With both ends included, repeat exactly the lines of the entries below from the one containing "Multi color Capri pants" down to the one containing "Yenikapı’da metro arızalandı, vatandaş", and no others.

DATA FOR THE TASK.
• • • • •
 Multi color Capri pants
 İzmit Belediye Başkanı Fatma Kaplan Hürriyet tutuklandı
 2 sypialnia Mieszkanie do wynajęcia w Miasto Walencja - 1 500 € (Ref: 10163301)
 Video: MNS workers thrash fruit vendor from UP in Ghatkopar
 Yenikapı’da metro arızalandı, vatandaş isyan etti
• • • • •
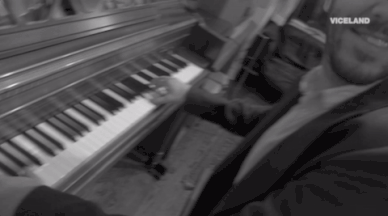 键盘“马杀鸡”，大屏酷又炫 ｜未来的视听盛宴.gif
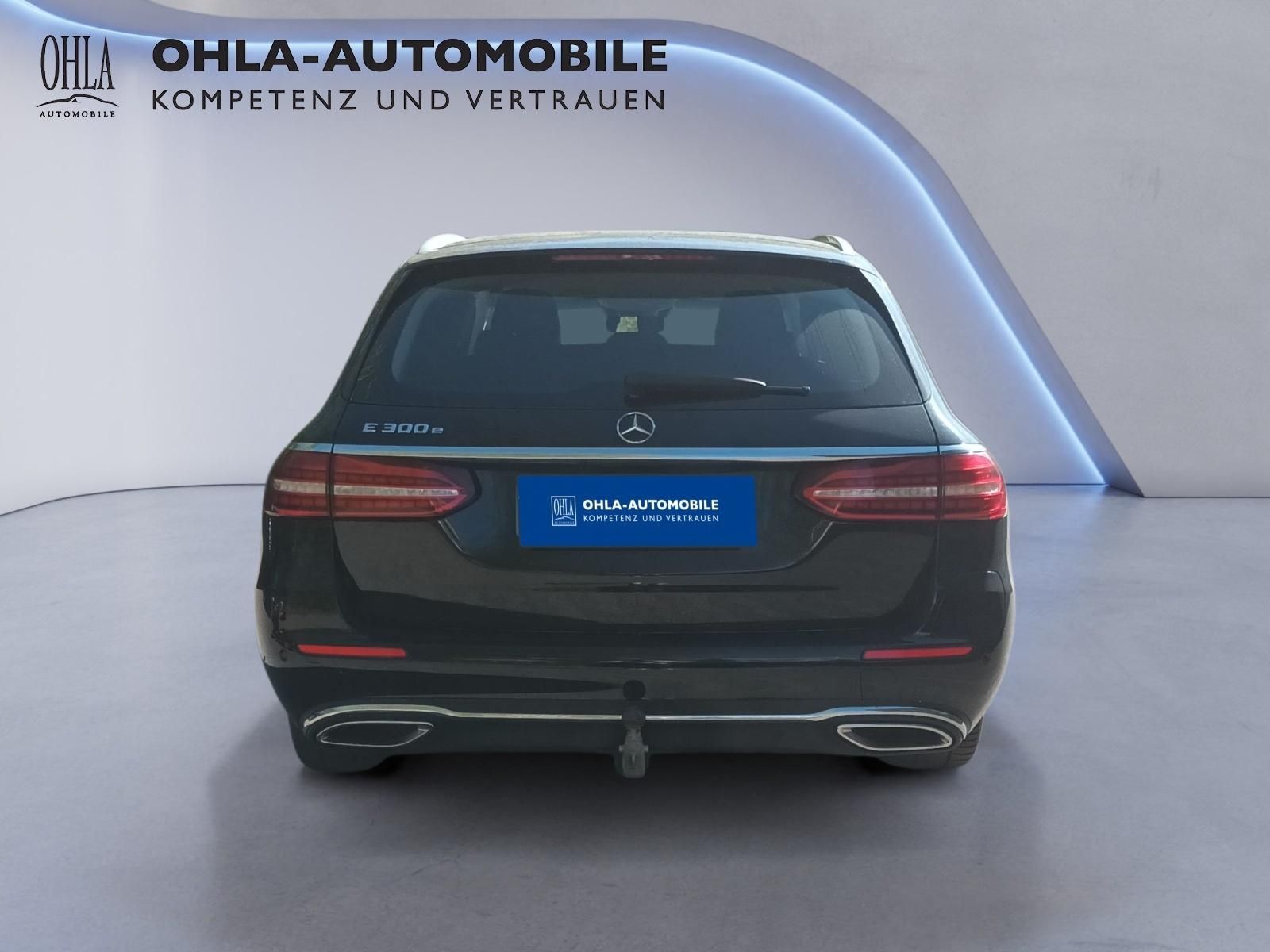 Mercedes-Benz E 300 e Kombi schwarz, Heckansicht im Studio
• • • • •
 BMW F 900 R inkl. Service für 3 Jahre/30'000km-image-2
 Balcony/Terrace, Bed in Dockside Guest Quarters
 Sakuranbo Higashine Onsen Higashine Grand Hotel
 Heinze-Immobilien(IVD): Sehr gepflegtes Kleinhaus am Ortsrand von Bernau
• • • • •
RESPONSE FOR THIS EXERCISE.
 Multi color Capri pants
 İzmit Belediye Başkanı Fatma Kaplan Hürriyet tutuklandı
 2 sypialnia Mieszkanie do wynajęcia w Miasto Walencja - 1 500 € (Ref: 10163301)
 Video: MNS workers thrash fruit vendor from UP in Ghatkopar
 Yenikapı’da metro arızalandı, vatandaş isyan etti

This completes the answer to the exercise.